How Do DVDs Actually Work?

Between the ubiquity of VHS cassettes and the convenience of digital streaming, not to mention the many nostalgic forgotten formats like LaserDisc, DVDs reigned supreme in the home entertainment scene. With affordability and resilience, DVDs could store digital information on their internal reflective layers and, depending on the precise model of DVD, even rewrite their information for convenient storage purposes. Whether you were watching movies or sharing data between friends, DVDs facilitated it all throughout the early 2000s, and with proper care, DVD and Blu-Ray collections can still last a long time today.

DVDs are similar to digital compact discs (CDs), with approximately the same size, thickness, and materials. Rather than a drastic difference in materials or manufacturing, DVDs differentiated themselves from CDs and other similar formats through their use of multiple data storage layers, made up of polycarbonate plastic injected just below the disc's surface. These layers could be read and parsed by a red laser from a DVD player or PC disc drive, allowing you to access and play the files stored within. DVDs set the stage for Blu-Ray discs after them, with ever-growing data storage capabilities.

Data is stored on multiple writable layers

Both sides of the DVD are made of polycarbonate (PC), but the underside is transparent, while the top side typically has a label on it. Underneath the base layer of the DVD's surface is a second reflective layer composed of metals like aluminum and gold. This is why, when you hold up the bottom of a DVD to a light, it shines in a distinctive rainbow of colors.

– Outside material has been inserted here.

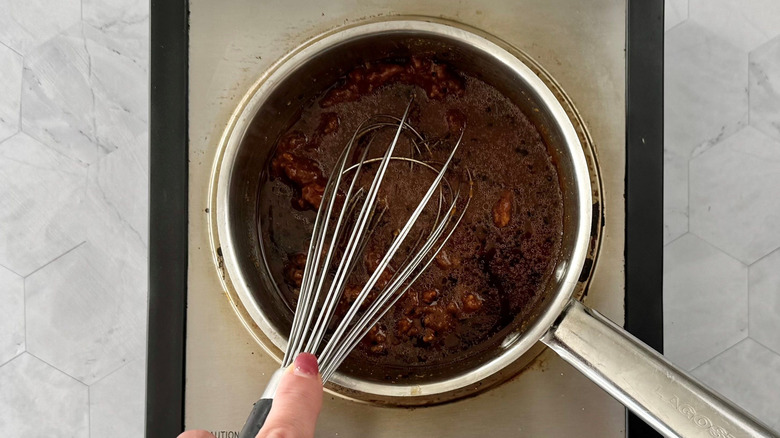 Hand whisking miso glaze in saucepan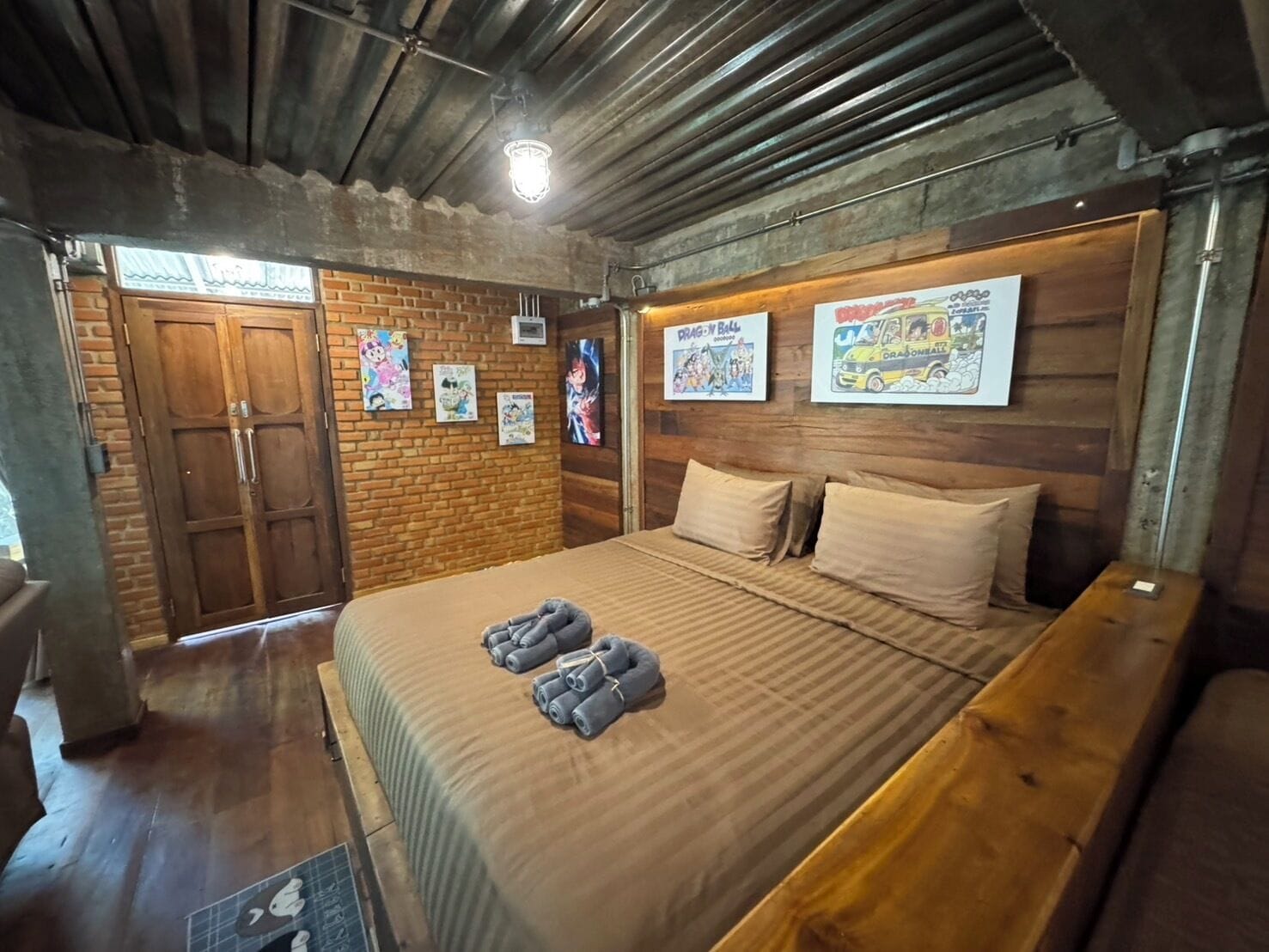 Une chambre avec un lit en bois, un mur en briques et des affiches accrochées au mur.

Within the underside of a DVD is a spiral track of data, spinning outward from the center. Along the length of this spiral track are a multitude of microscopic bumps, also known as pits. When you place a DVD in a DVD player, the player shines a red laser light onto the bottom side of the disc, penetrating the PC layer and reaching the pits on the reflective layer. Next to the laser emitter is a sensor that determines when and to what intensity the light is being reflected back. As the disc spins, the sensor parses the presence or lack of pits as binary code, with the entire sequence stored within the data track gradually adding up to form whatever files are stored on the DVD.

A read-only DVD has its pits imprinted during its manufacturing process, and they can't be changed afterward. However, there are also rewritable DVDs, which use a special phase-changing material. When a laser is shone on this material, it changes states between amorphous and crystalline, creating a similar effect to the pitted discs that a DVD player can parse. Since the material's state can always be changed, you can always alter the content present on the DVD.

Other storage mediums like Blu-Ray store data differently

CDs and read-only DVDs are made in a similar fashion and with similar materials, and they store and read data in the same way, broadly speaking. Both of them make use of microscopic pits in a reflective layer, and both are read by a laser emitter and sensor. The difference between them is that the pits on a DVD are exponentially smaller, so more of them can be clustered together along its surface.

This results in a storage medium with far more storage space. Additionally, the laser in a DVD player has a narrower focus, so it can read those smaller, more tightly-packed pits. The laser in a CD player is too wide to properly parse the pits in a DVD, so nothing would happen if you tried to play a DVD in one. Blu-Ray discs also use many of the same manufacturing tenets and materials as DVDs as well, but they take their technology even further.

Despite only using a single layer versus a DVD's two-layer approach, Blu-Rays have even more tightly-packed data tracks with even smaller and more numerous pits. A Blu-Ray player uses a blue-violet laser light with an even narrower focus, with the extra benefit of an additional lens sitting closer to the reading mechanism. This all adds up to even greater storage capacity, which also means higher fidelity for video files. These kinds of physical discs are still a great way to store data, which may be part of why Gen Z is getting more interested in physical media.